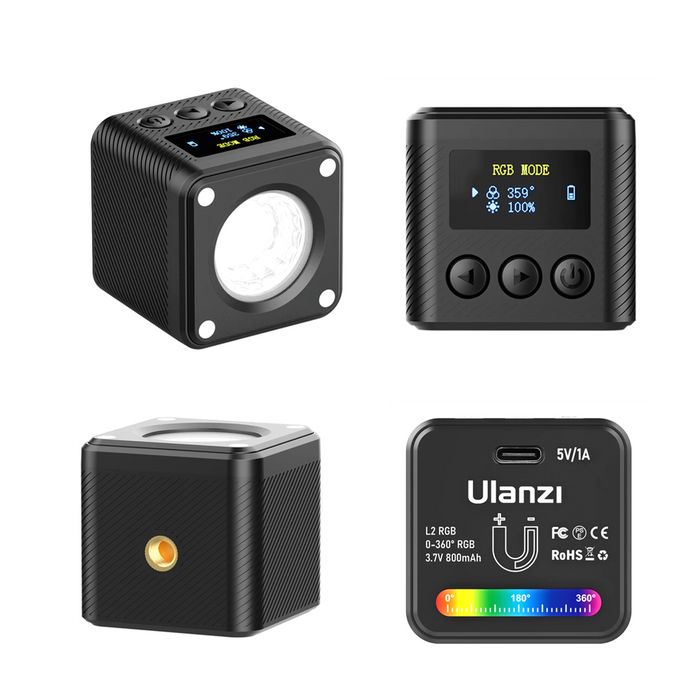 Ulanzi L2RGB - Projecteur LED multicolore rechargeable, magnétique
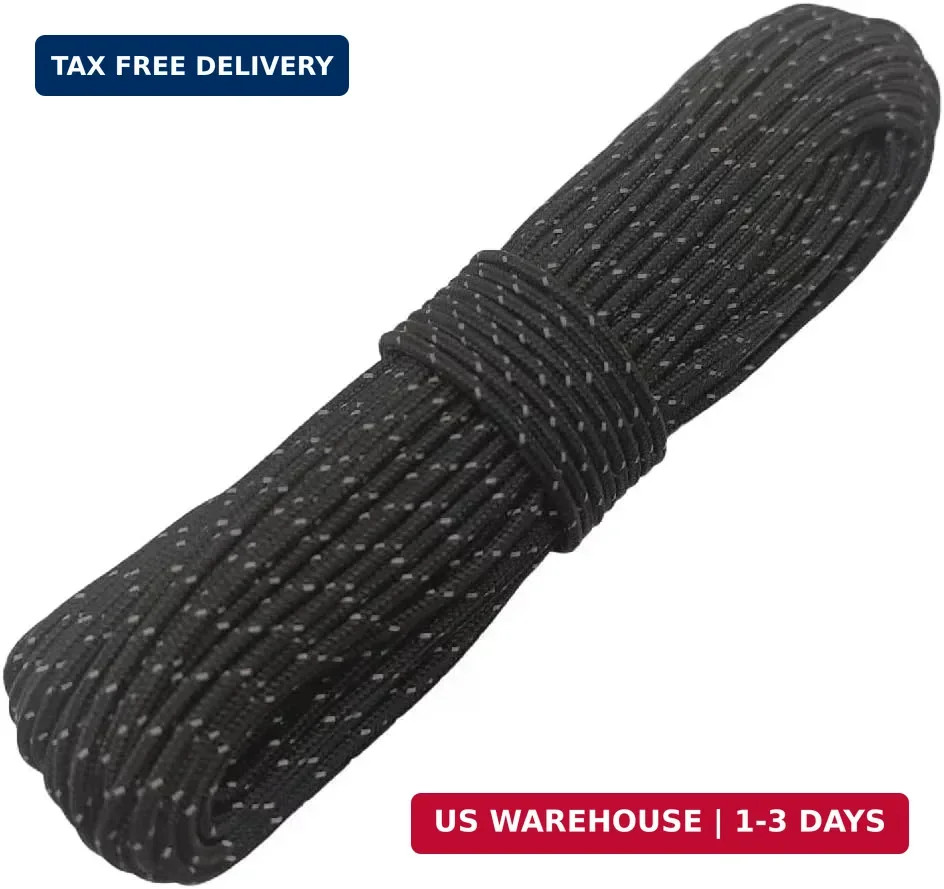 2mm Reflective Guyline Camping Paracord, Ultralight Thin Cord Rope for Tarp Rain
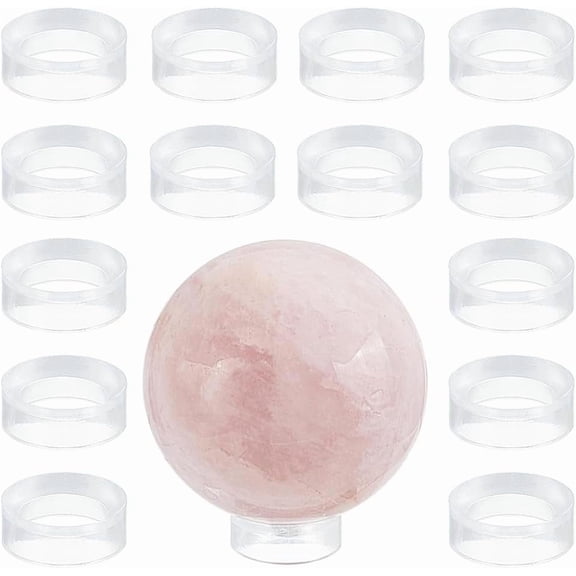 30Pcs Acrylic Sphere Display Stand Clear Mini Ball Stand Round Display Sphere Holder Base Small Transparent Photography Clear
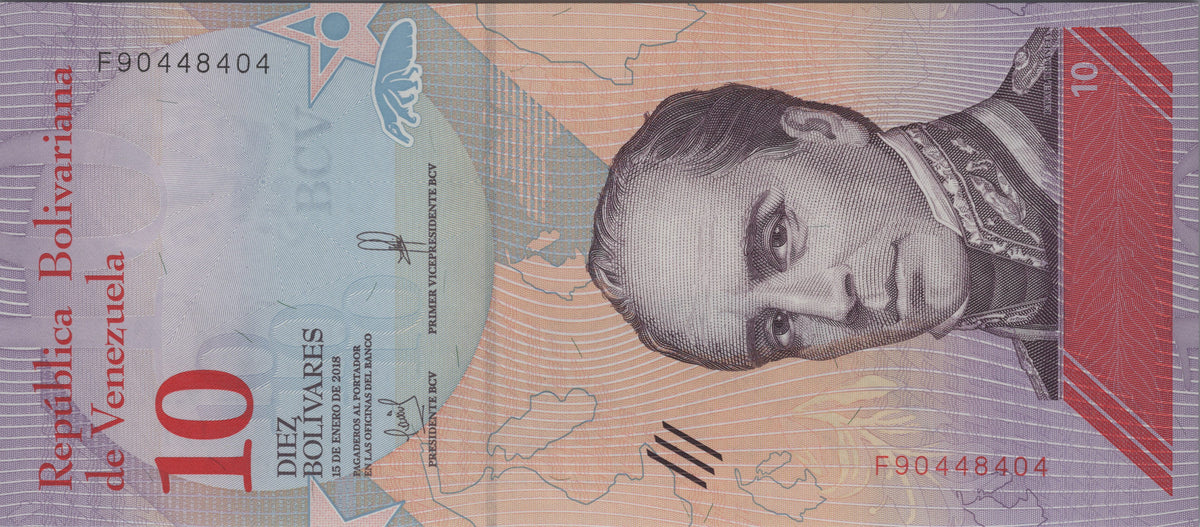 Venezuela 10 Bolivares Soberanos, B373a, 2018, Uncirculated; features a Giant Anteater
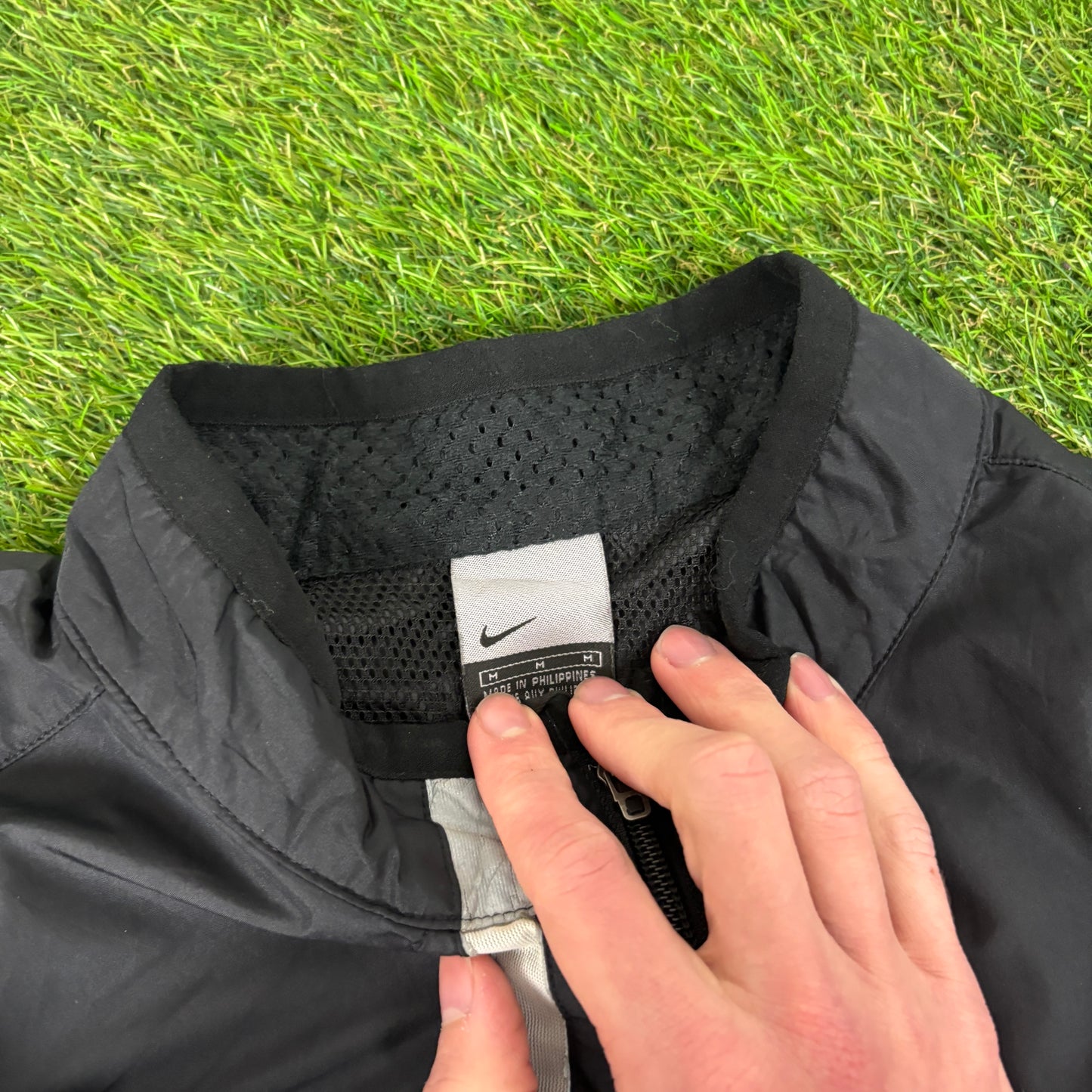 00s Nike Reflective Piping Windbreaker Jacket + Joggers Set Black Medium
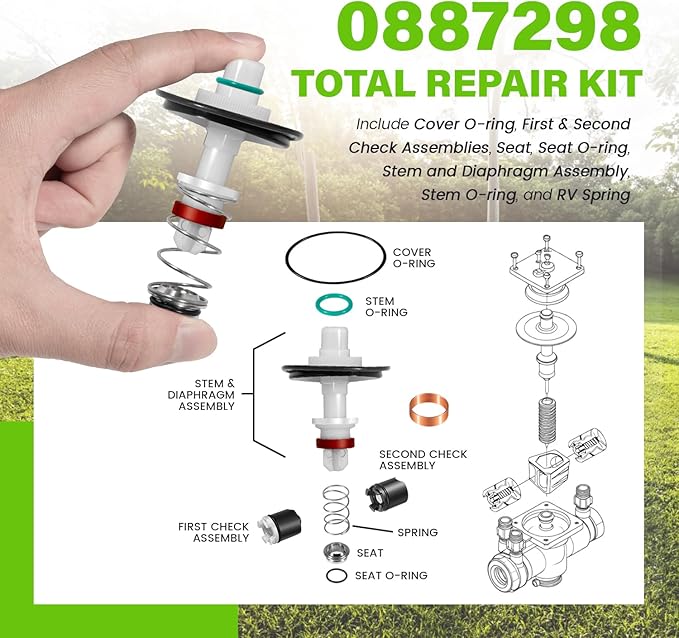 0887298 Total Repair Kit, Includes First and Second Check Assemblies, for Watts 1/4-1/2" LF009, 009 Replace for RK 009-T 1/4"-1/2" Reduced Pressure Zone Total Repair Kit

========

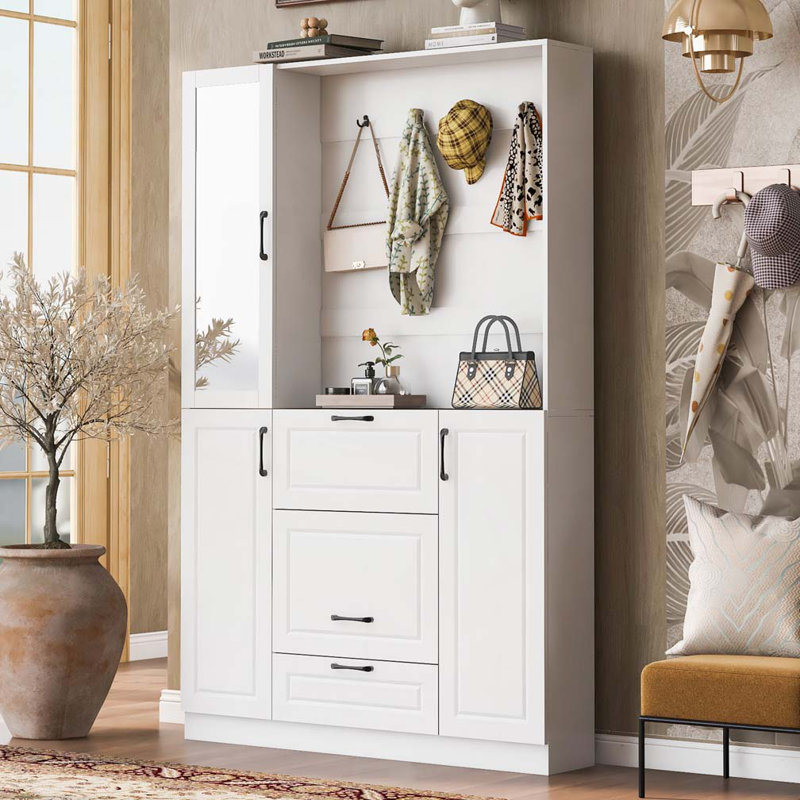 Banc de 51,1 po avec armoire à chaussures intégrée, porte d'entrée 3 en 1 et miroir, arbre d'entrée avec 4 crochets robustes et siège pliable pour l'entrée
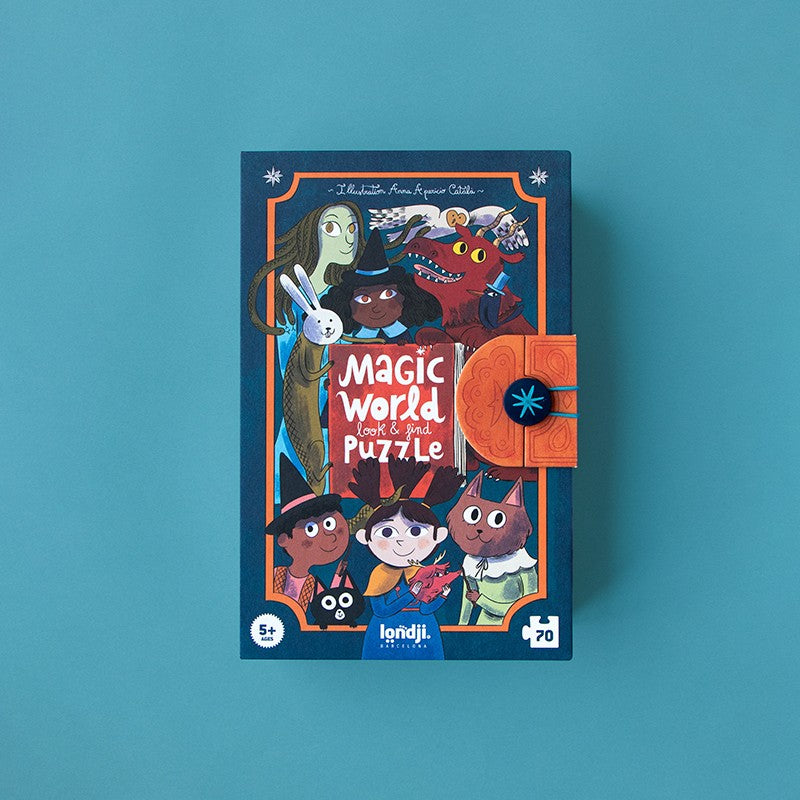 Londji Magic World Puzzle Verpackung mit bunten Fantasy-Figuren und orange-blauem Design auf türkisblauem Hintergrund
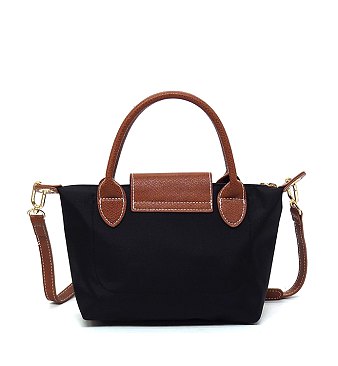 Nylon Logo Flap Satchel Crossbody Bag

========

**Exercise brief**
Return word for word the lines of the listing above, starting at the line with "00s Nike Reflective" and ending at the line with "0887298 Total Repair", both included. Pictures do not belong in the copy.

**Expected answer**
 00s Nike Reflective Piping Windbreaker Jacket + Joggers Set Black Medium
 0887298 Total Repair Kit, Includes First and Second Check Assemblies, for Watts 1/4-1/2" LF009, 009 Replace for RK 009-T 1/4"-1/2" Reduced Pressure Zone Total Repair Kit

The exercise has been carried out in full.